Tom Spurgeon is uneasy with traditional publishers using Kickstarter to fund their projects:
I’m really uneasy about publishers using that mechanism, and I’m not even sure I can explain all the way why. It’s almost like that I feel the old model of doing things is being circumvented, somehow. Like these publishers are switching over to that mechanism because they’re not doing the other one well, not because the new one presents specific opportunities. I’m not sure, I’m really inarticulate on the subject and I need to firm that up because that moment in history is here. What makes it difficult is there are things I’m thinking about trying to crowdfund, too, which I’m not sure should make my opinions suspect but it should make them open to extra self-scrutiny.

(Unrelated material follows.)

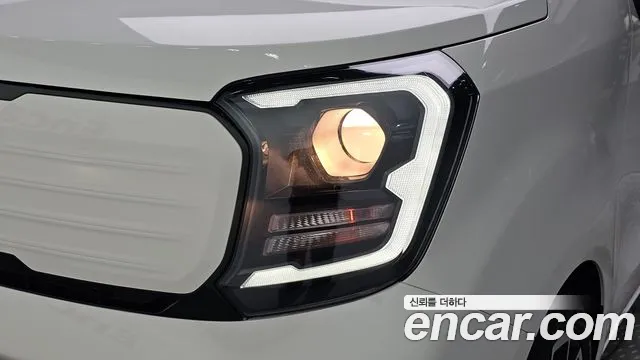Kia RAY Signature — photo 1 of 35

The first worry with a publisher (or any other established business for that matter) using a mechanism concieved for independent creators to get funding is that it doesn’t inspire confidence in their financial state. If you have to get your readers to fund you in advance, you’re doing something wrong as a publisher. It feels like a flight forward, rather than a well thought out attempt to make use of new possibilities.
The second worry is of course how stable the Kickstarter funding model is. There is always the possibility that one or two high profile disasters will turn off people and, let’s face it, the possibility of such a disasters is always much higher in comics than anywhere else. Worse, what with fan dollars not being inexhaustible, there’s also the possibility that crappy, greed driven projects will push out more worthwhile, creative endeavours.
Which brings us to the feeling that using Kickstarter this way is cheating, that companies like this aren’t supposed to use this, that it should be kept for struggling young cartoonists. I’m not sure that’s a reasoned objection though, even if I share this feeling.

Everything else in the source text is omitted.